So revolutions (whether they're spiritual or philosophical, or scientific or whatever), certain things have changed, but certain things just carry on uninterrupted, are still used as foundations, are retained as elements of the new view, and some are changed. And the same with the Buddha. The Buddha picked up, found himself in a certain culture, in a certain country, in a certain historical/cultural context, rich with different spiritual views, and philosophical views, and cosmological views, and took a lot of that, and changed some of it, and retained a lot of it. So the Buddhist tradition doesn't start with the Buddha, is my point here. When we say 'tradition,' it's like, it's very easy to get into a kind of idealistic thinking of what a tradition is: "There's a pure tradition, and we can find it somehow. It started with the Buddha. That was the pure tradition, and maybe it's been subject to other things, but it started as something pure." It already started as a tradition. There were already traditions, plural, which the Buddha picked up on. And that's part of the Buddhist tradition: it's already an influx of that time and that place, those cultures, etc., and those ways of thinking, and world-views, and all of it.
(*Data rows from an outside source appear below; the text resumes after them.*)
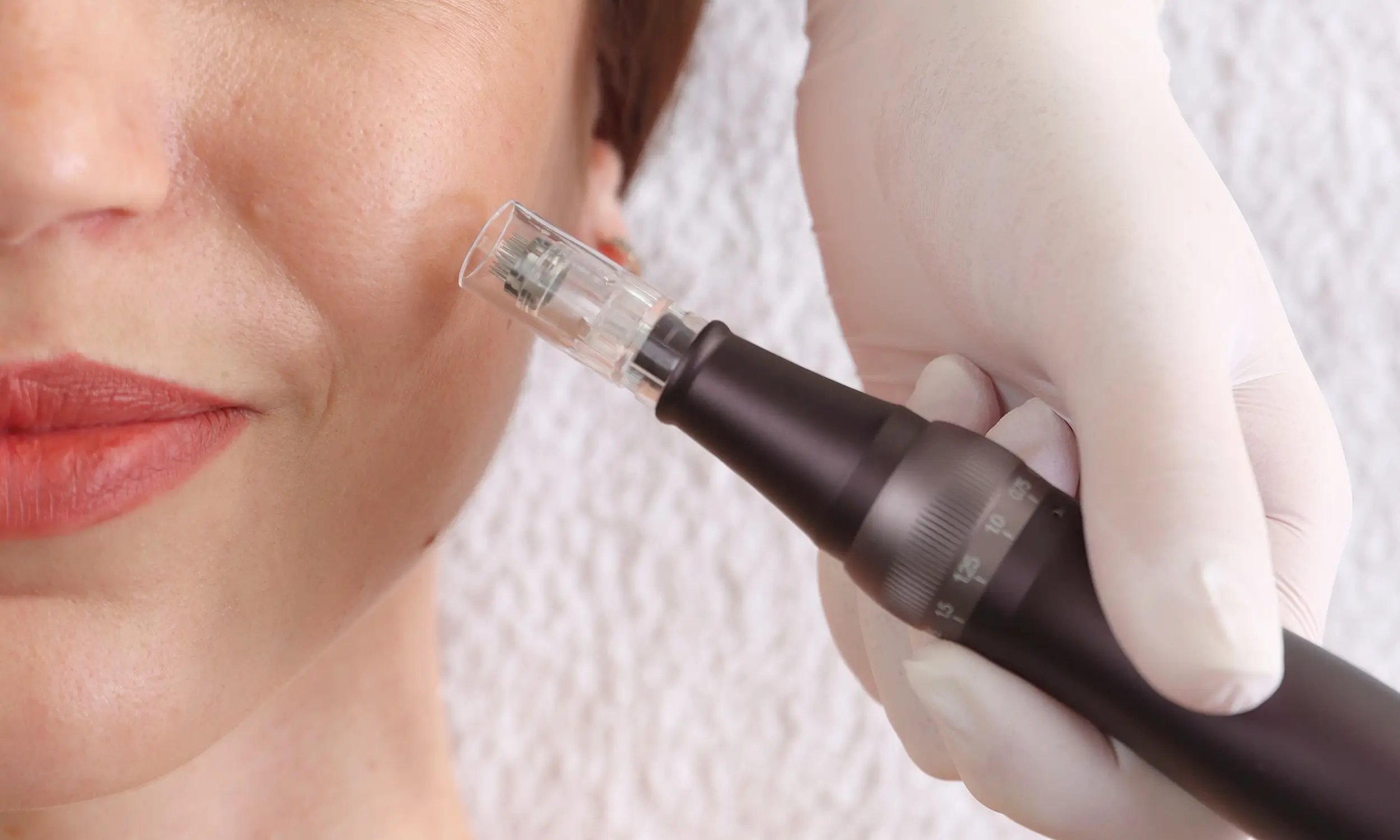 Microneedling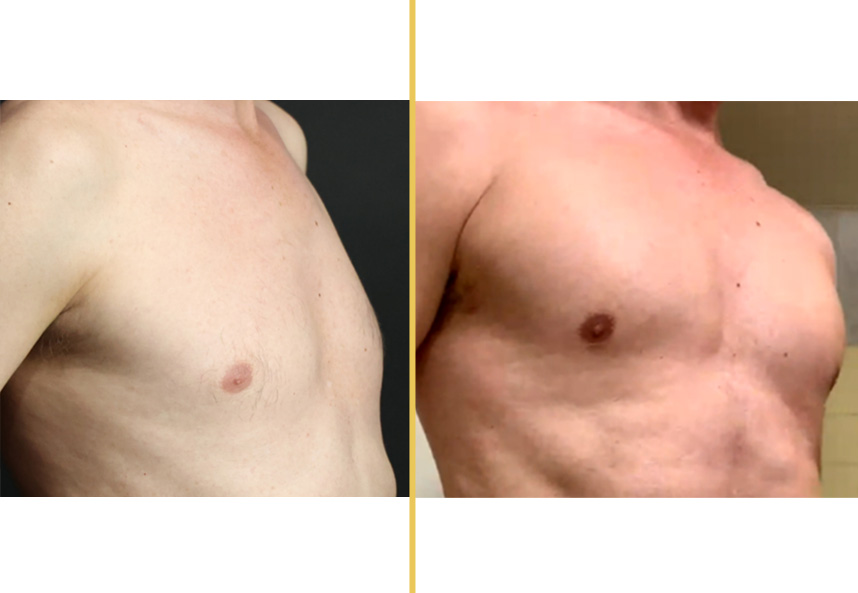 Before and after chest contouring from angled side view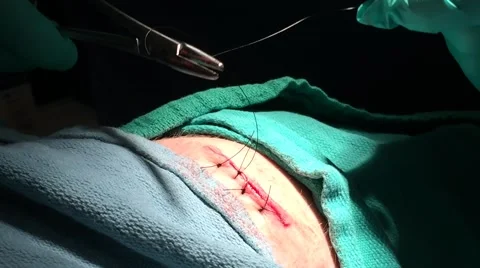 Bad cut getting stitched up Stock Footage 46482618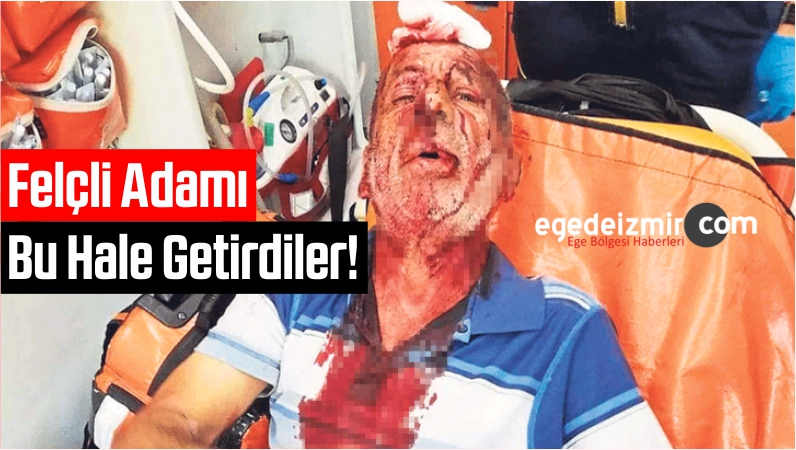 Bu Hale Getirdiler!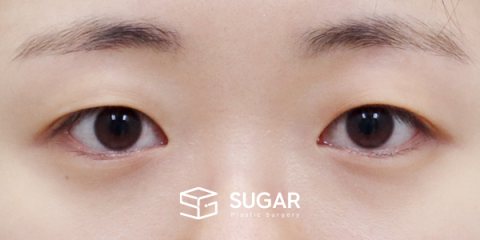 슈가성형외과 첫) 절개 + 윗트임 전후사진 - 수술 전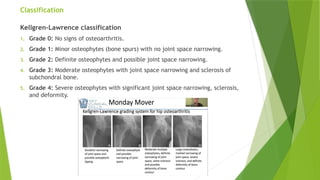 Callawrence Classification PRESENTATION ON ACUTE AND OVERUSE INJURIES OF HIP.pptx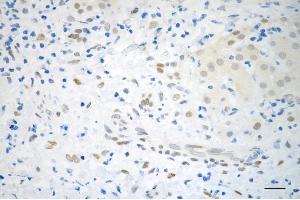 Immunohistochemistry was performed on paraffin-embedded human hepatocarcinoma using CSE1L like antibody (ABIN7798171), 1:200).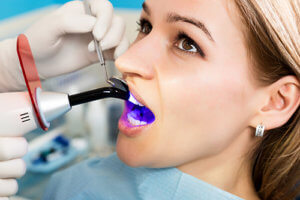 Woman in dentist chair experiencing composite fillings set with ultraviolet light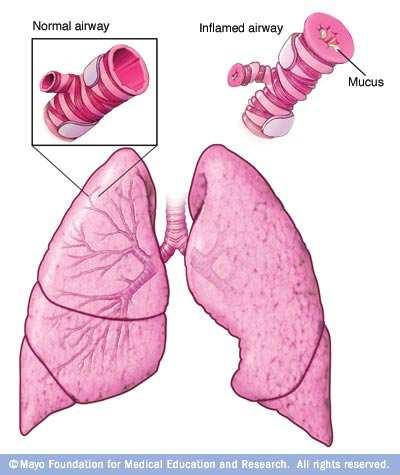 Asthma Asthma is a condition in which your airways narrow, swell and produce extra mucus. This can make breathing difficult and trigger coughing, wheezing and shortness of breath.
The reason I'm saying this is, even more so in the modern West, we bring, inevitably -- the Dharma reaches here sometime in the twentieth century, and kind of in different waves, and as modern Westerners, we bring our whole set of assumptions, interpretations, needs, dispositions, and kind of 'errors*,'* really, or changes of direction to what we, quote, 'receive' of the Dharma, which, as I said, was already a kind of multiplicity of different traditions. And that's definitely the case. It's like, it's a mishmash for us. It's a mishmash of Theravādan traditions, and a bit of Zen, and a bit of Tibetan, and a bit of Advaita, and a lot of Western world-view. We can't help that. But even if we could kind of isolate what we receive from what we bring to what we're receiving -- which is impossible, but even if we could -- what we received was already plural, and the result of 2,500 years of previous genealogical development, and all these fractures, and misinterpretations, and contradictions, and influxes from different cultures, etc.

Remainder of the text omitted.